** WHAT IS NEEDED **
Retype the entries exactly; omit all pictures.

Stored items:
********************
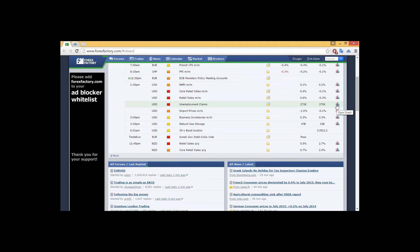Also, import prices month-on-month, medium impact announcement at 1:30, expecting negative 1%. We also have business inventories and natural gas storage, as well as 30-year bond auctions from 3 o'clock till 6. Expectations for natural gas storage, 47 billion, and our bond auction, we can see the 3.08 to 2.2 as the previous.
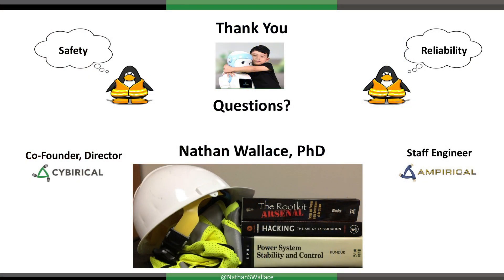Open floor for questions. Dan Scali with Dragos is moderating Q&A. Chris Sistrunk with Mandiant asks: what are you seeing in grid installations about cybersecurity monitoring? Are they doing just the NERC-SIP bare minimum, or are they starting to turn on more logging and monitoring?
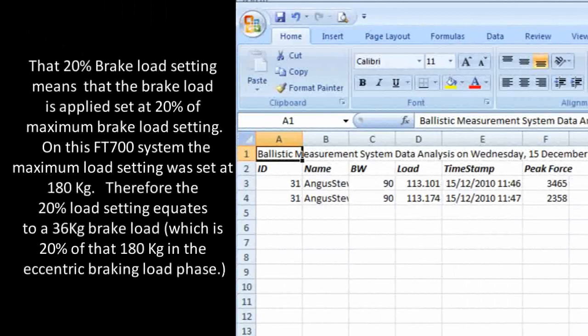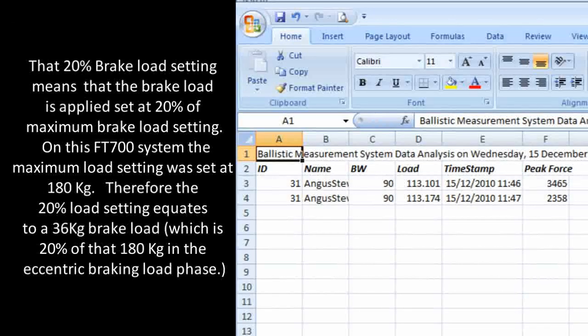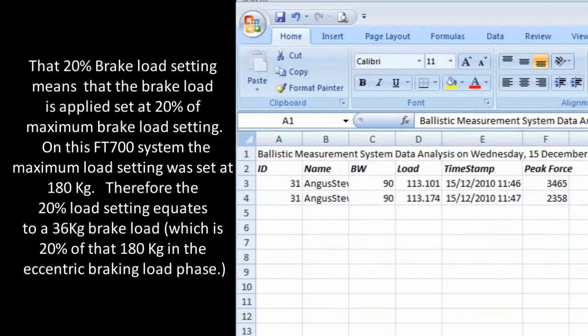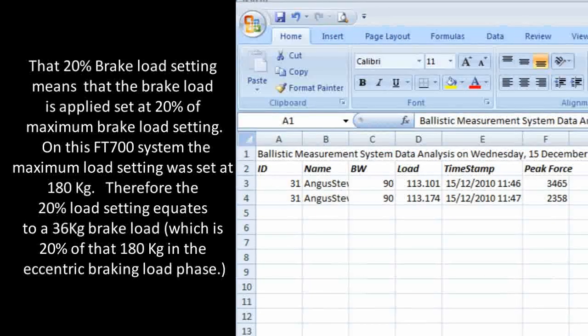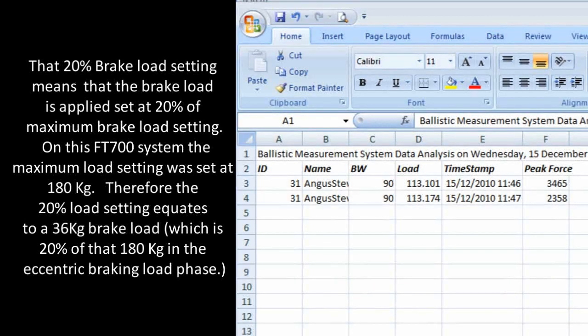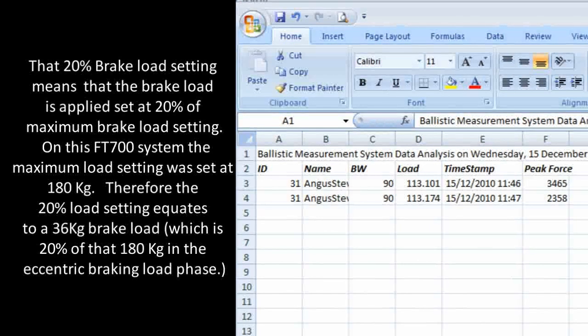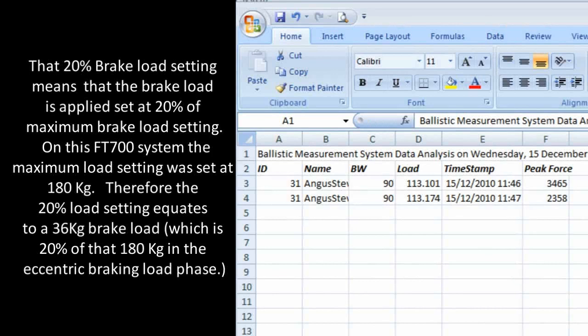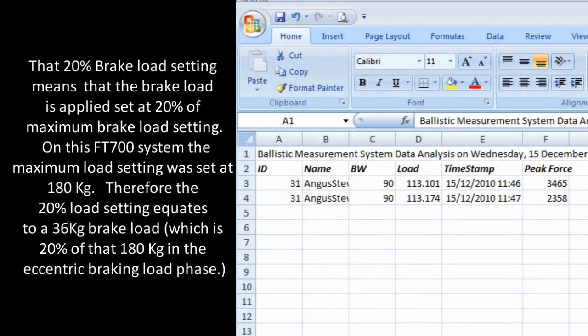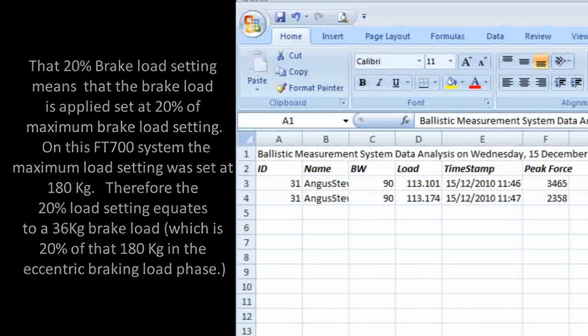The 20% brake load setting means that the brake load is applied set at 20% of maximum brake load setting. On this FD700 system, the maximum brake load setting was set at 180kg. Therefore, the 20% load setting equates to a 36kg brake load, which is 20% of that 180kg in the eccentric braking load phase.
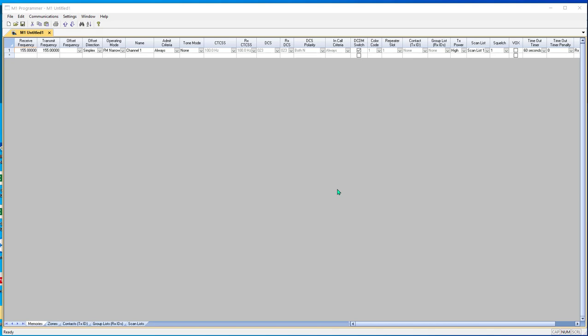So you get the program, you get it downloaded and installed. You open it up and you've programmed other radios, but this one you take one look at it and go, where do I put anything into it?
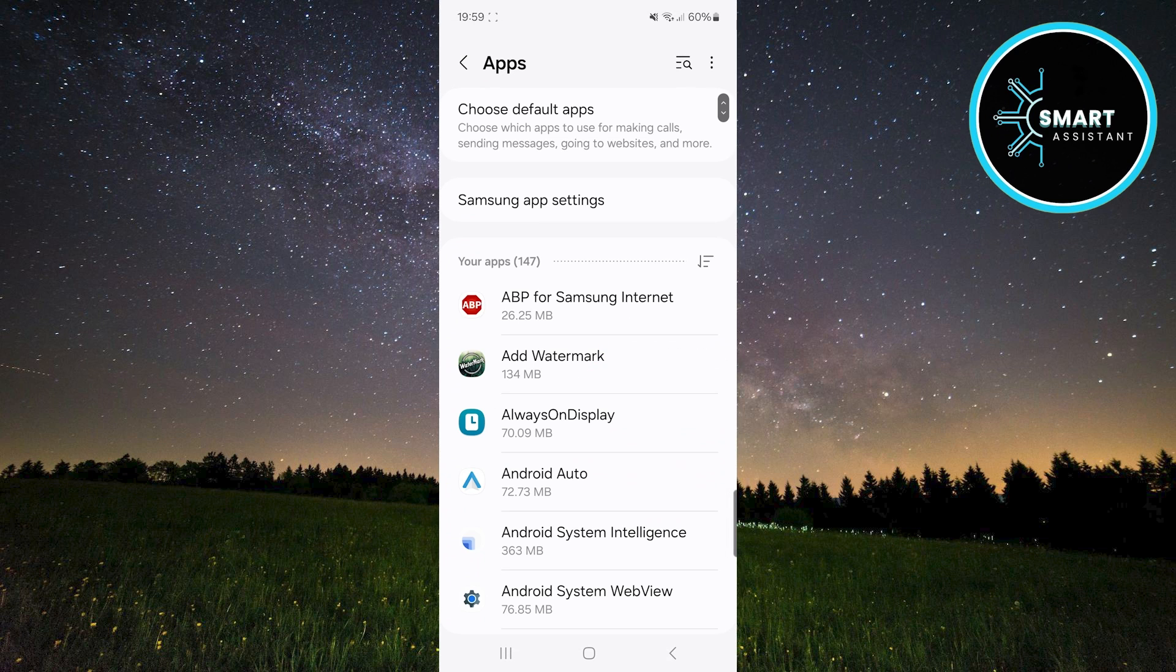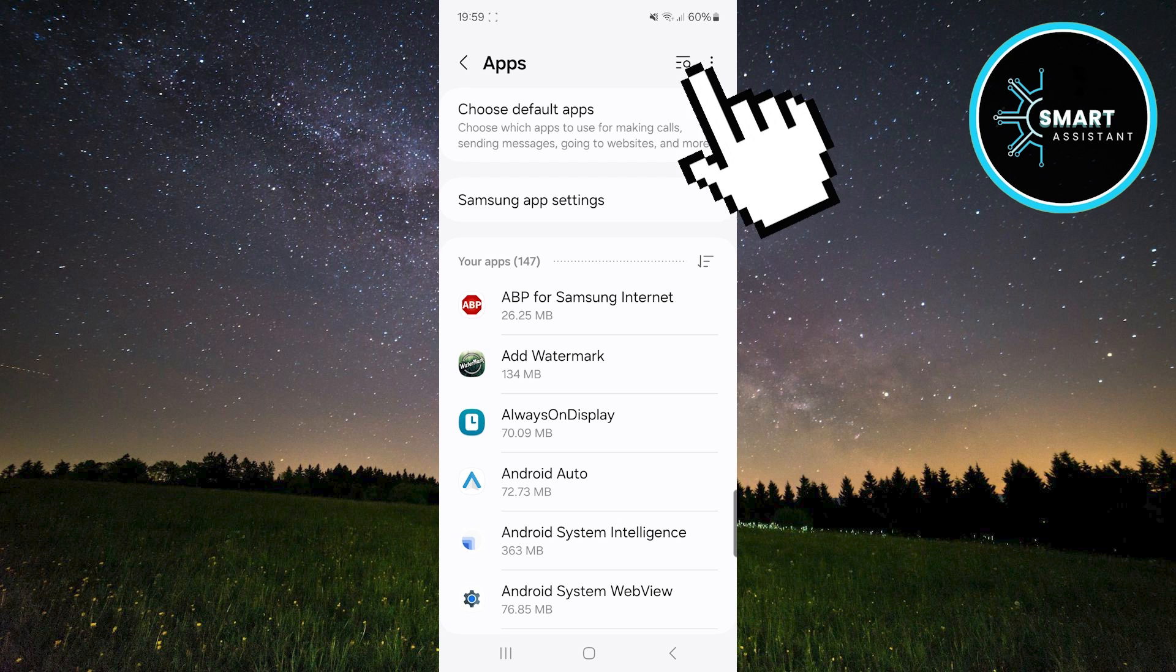Next, in the top right corner of the screen, tap on the search icon to quickly and easily find the YouTube Studio app.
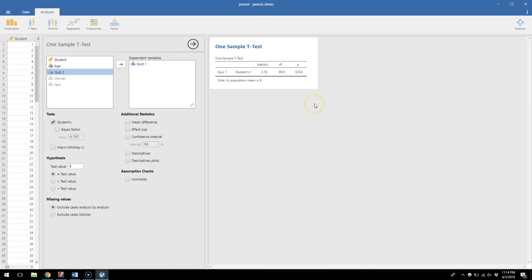We would say that our sample had a quiz score on average that was significantly different than an 8 out of 10. That's the conclusion we can make.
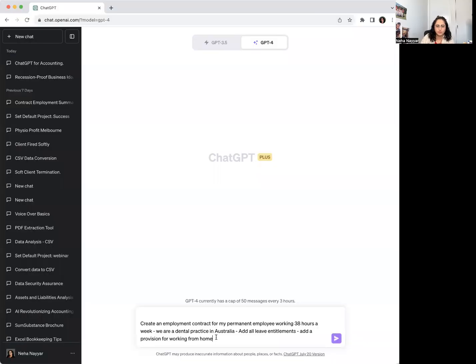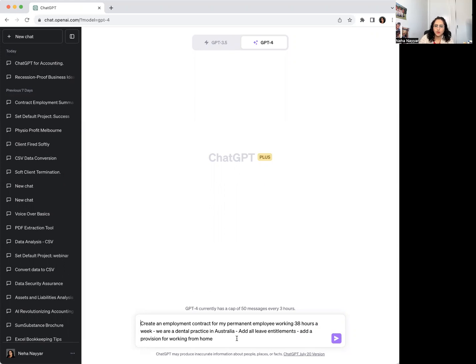Once you've put all the information in, you can use ChatGPT for that — it's quicker and you can add a few different things as well. So for example, here I'm just going to copy and paste. The prompt is: create an employment contract for my permanent employee working 38 hours a week — we are a dental practice in Australia. Add all leave entitlements. Add a provision for working from home as well. You can add more details — about bonuses, or anything else that you need to.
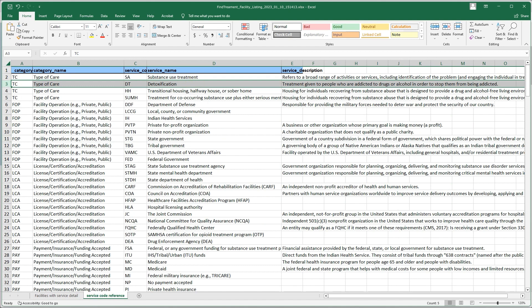This was a brief tutorial of how to download the search results from FindTreatment.gov.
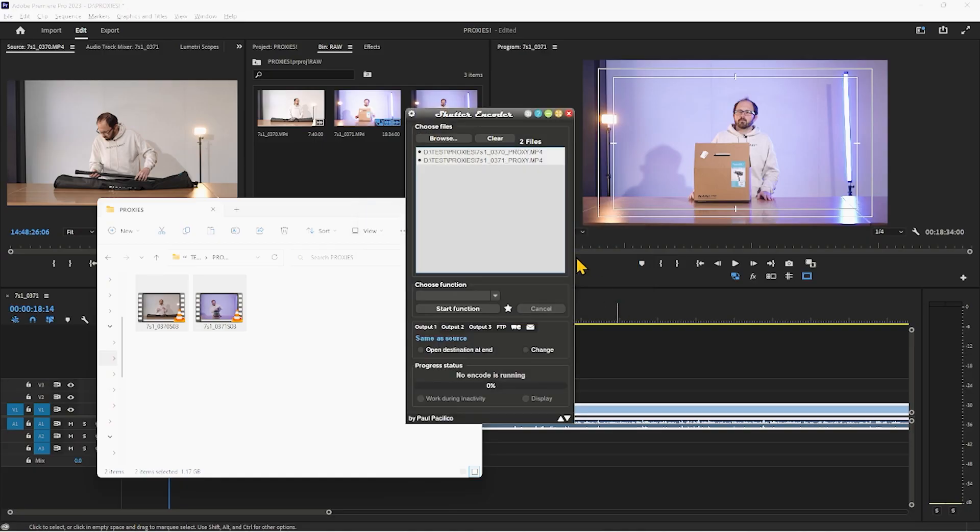So essentially what shutter encoder is going to do is it's going to replace the S03 that's in the text and it's going to replace it with underscore proxy. So I'm going to hit rename.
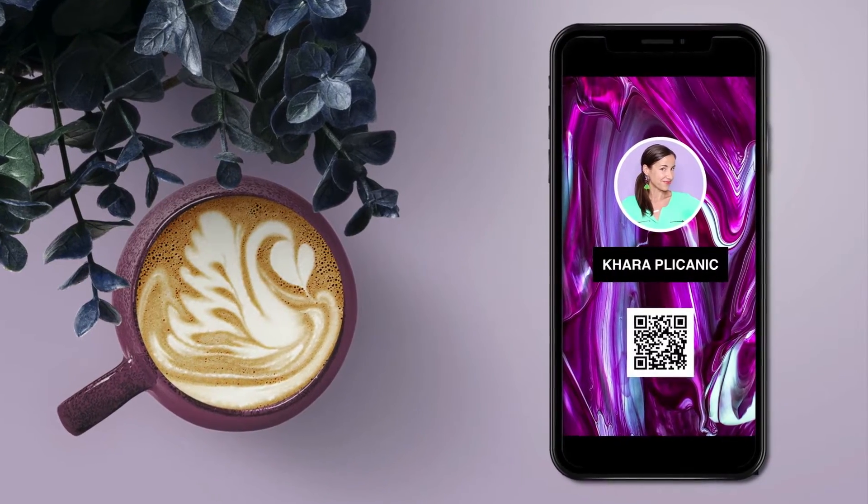So instead, let's level up the game and make it easier on everyone with a totally sleek, endlessly editable, and always at the ready virtual business card.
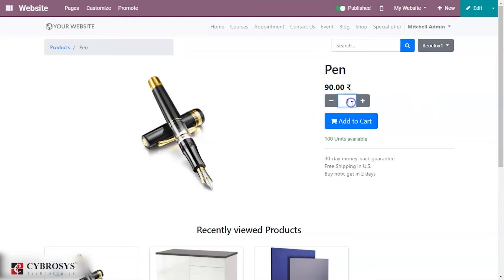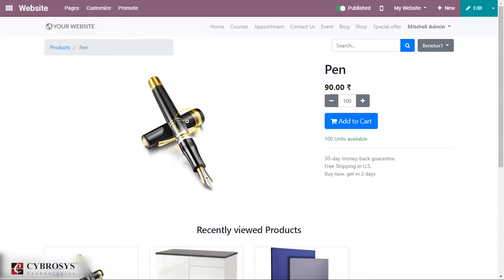With this option, if you try to choose 120 pens, you can see that it automatically limits the quantity to 100 units, because the on-hand quantity is 100 and only 100 units are available. This is how the second option — 'Show Inventory on Website and Prevent Sale if Not Enough Stock' — works.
********************
** TASK RESULT **
Also, import prices month-on-month, medium impact announcement at 1:30, expecting negative 1%. We also have business inventories and natural gas storage, as well as 30-year bond auctions from 3 o'clock till 6. Expectations for natural gas storage, 47 billion, and our bond auction, we can see the 3.08 to 2.2 as the previous.
Open floor for questions. Dan Scali with Dragos is moderating Q&A. Chris Sistrunk with Mandiant asks: what are you seeing in grid installations about cybersecurity monitoring? Are they doing just the NERC-SIP bare minimum, or are they starting to turn on more logging and monitoring?
The 20% brake load setting means that the brake load is applied set at 20% of maximum brake load setting. On this FD700 system, the maximum brake load setting was set at 180kg. Therefore, the 20% load setting equates to a 36kg brake load, which is 20% of that 180kg in the eccentric braking load phase.
So you get the program, you get it downloaded and installed. You open it up and you've programmed other radios, but this one you take one look at it and go, where do I put anything into it?
Next, in the top right corner of the screen, tap on the search icon to quickly and easily find the YouTube Studio app.
We would say that our sample had a quiz score on average that was significantly different than an 8 out of 10. That's the conclusion we can make.
Once you've put all the information in, you can use ChatGPT for that — it's quicker and you can add a few different things as well. So for example, here I'm just going to copy and paste. The prompt is: create an employment contract for my permanent employee working 38 hours a week — we are a dental practice in Australia. Add all leave entitlements. Add a provision for working from home as well. You can add more details — about bonuses, or anything else that you need to.
This was a brief tutorial of how to download the search results from FindTreatment.gov.
So essentially what shutter encoder is going to do is it's going to replace the S03 that's in the text and it's going to replace it with underscore proxy. So I'm going to hit rename.
So instead, let's level up the game and make it easier on everyone with a totally sleek, endlessly editable, and always at the ready virtual business card.
With this option, if you try to choose 120 pens, you can see that it automatically limits the quantity to 100 units, because the on-hand quantity is 100 and only 100 units are available. This is how the second option — 'Show Inventory on Website and Prevent Sale if Not Enough Stock' — works.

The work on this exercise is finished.